The DataSift client returned (Datasift\DatasiftStream\DatasiftStream.cs line 223): “Unkown exception:
Unable to read data from the transport connection: The connection was closed.”. It then stopped the stream. As the streamer needs to run 24/7, it needs to retry (using the reconnect interval rules) whatever error occurs and not terminate.

In my application, if the stream stops, it will be restarted. This should never occur as the DataSift client should deal with this (it was only put in place in the event that ‘MaxRetries’ was exceeded). Because the stream stopped, it was restarted, but the same error occurred immediately (the DataSift client is not using the reconnect interval rules in this scenario).

The restart / unknown error cycle continued until an OutOfMemoryException was thrown. The server does have plenty of ram (24GB) so this suggests that the DataSift client is not releasing resources.

Please can you look at implementing retries for all stream outcomes and check resources are being released.

Many thanks,

Gareth


#2

Thanks for spotting this issue. We have updated our C# Client Library to fix this reconnection issue.


#3

Thanks for the prompt update.

I’ve noticed a couple of potential problems that I though I’d run by you.

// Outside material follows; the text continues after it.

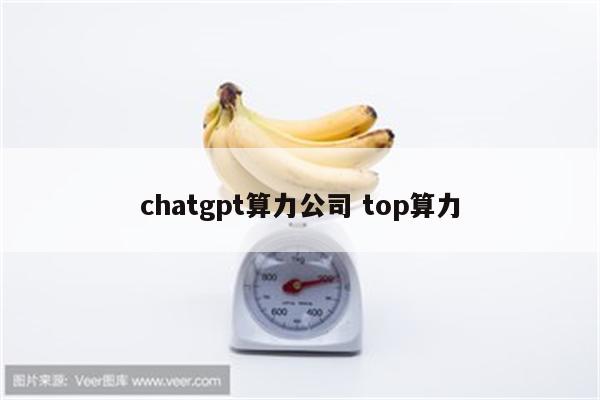 chatgpt算力公司 top算力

Firstly, the DatasiftStream object has a field, connectCount, which is incremented on failure up to MaxRetries. I can’t see anywhere that it is reset on success, meaning that max retries will eventually be exceeded even if the failures are spread over an extended period.

The other issue is that it looks as though the stream is still stopped if “Unable to resolve the Datasift domain name. A possible cause is the local connection to the internet” or “The connection to the DatasiftStream could not be established!”. It still needs to retry in these scenarios as they are likely to be short lived problems.


#4

Again, thank you for pointing this out - our C# Client Library has been updated to reflect these changes.


#5

Thanks for these changes. I’ve done some testing of exception handling (by turning network connections on/off). I have MaxRetries set to 20.

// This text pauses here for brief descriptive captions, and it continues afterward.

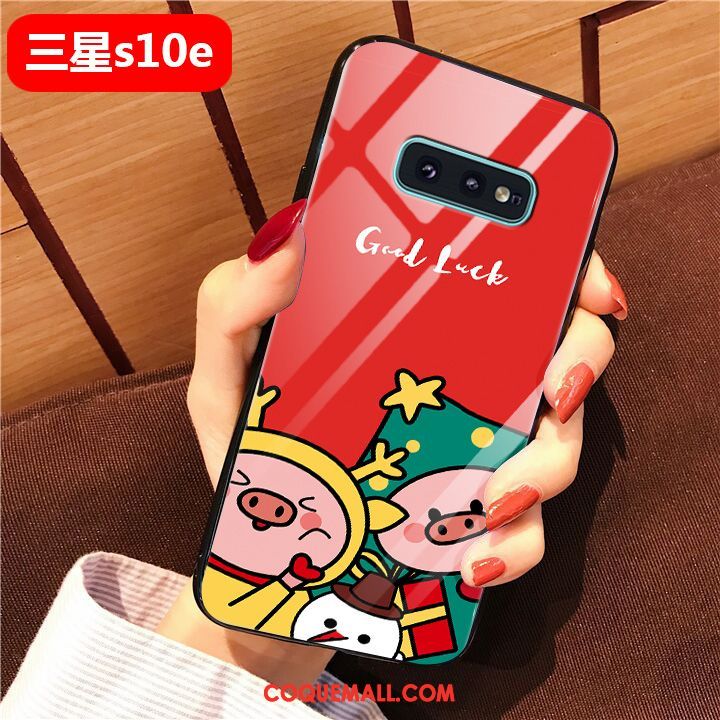 Étui Samsung Galaxy S10e Verre Téléphone Portable Charmant, Coque Samsung Galaxy S10e Incassable Difficile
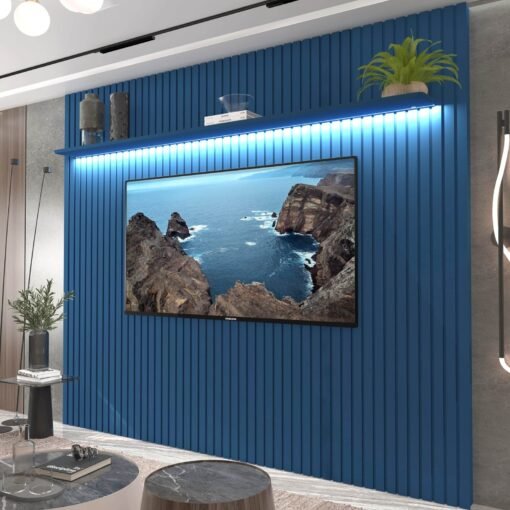 Painel até 85″ Nobre Ripado 230 Azul – GELIUS - Imagem 2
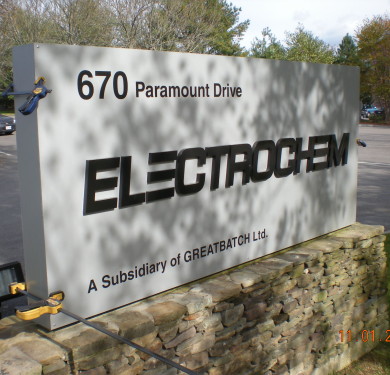 Electrochem Massachusetts, Pediment Branding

It looks as though the reconnect rules (http://dev.datasift.com/docs/streaming-api/reconnecting) have not been fully implemented. While an exponential delay has been implemented, the linear delay has not. (The field ‘linearConnectTimeoutLength’ has been defined but never used).

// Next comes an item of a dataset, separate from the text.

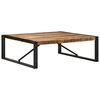 vidaXL Table basse 100x100x35 cm bois de manguier massif brut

Unfortunately there is a problem with the expontential delay implementation. The first thing is that ‘exponentialConnectTimeoutLength’ is not reset after a successful connection. This means that for subsequent failures, the length of delay will continue where previous failures left off.

Also, the reconnect rules suggest a maximum delay of 320 seconds, but no maximum has been implemented. This means that by the 10th retry, the delay is 42 minutes, and by the 20th retry, it is is 60 days!

As stated previously, the streamer needs to be streaming or trying to stream 24/7. I cannot have the streamer stop because max retries has been exceeded. I could set retries to a huge value (e.g. int.MaxValue), but a ‘limitless retries’ option would be preferable.

PS. It would be easier to read this post if line breaks were preserved.


#6

The linear backoff has now been implemented in the C# client library - https://github.com/datasift/datasift-csharp


#7

Thanks for this. I’ve applied this update and retested, as before, by turning network connection on/off to simulate service outages. What I’m now finding is that the streamer crashes a short period (6 mins) after the outage.

The exception message is: “Thread is running or terminated; it cannot restart.”

Stack Trace: at System.Threading.Thread.StartInternal(IPrincipal principal, StackCrawlMark& stackMark)
at System.Threading.Thread.Start()
at Datasift.DatasiftStream.DatasiftStream.Consume()
at Datasift.DatasiftStream.DatasiftStream.StopOrRetry(String msg)
at Datasift.DatasiftStream.DatasiftStream.ImediateRetry(String msg)
at Datasift.DatasiftStream.DatasiftStream.StartStreaming()
at System.Threading.ThreadHelper.ThreadStart_Context(Object state)
at System.Threading.ExecutionContext.Run(ExecutionContext executionContext, ContextCallback callback, Object state)
at System.Threading.ThreadHelper.ThreadStart().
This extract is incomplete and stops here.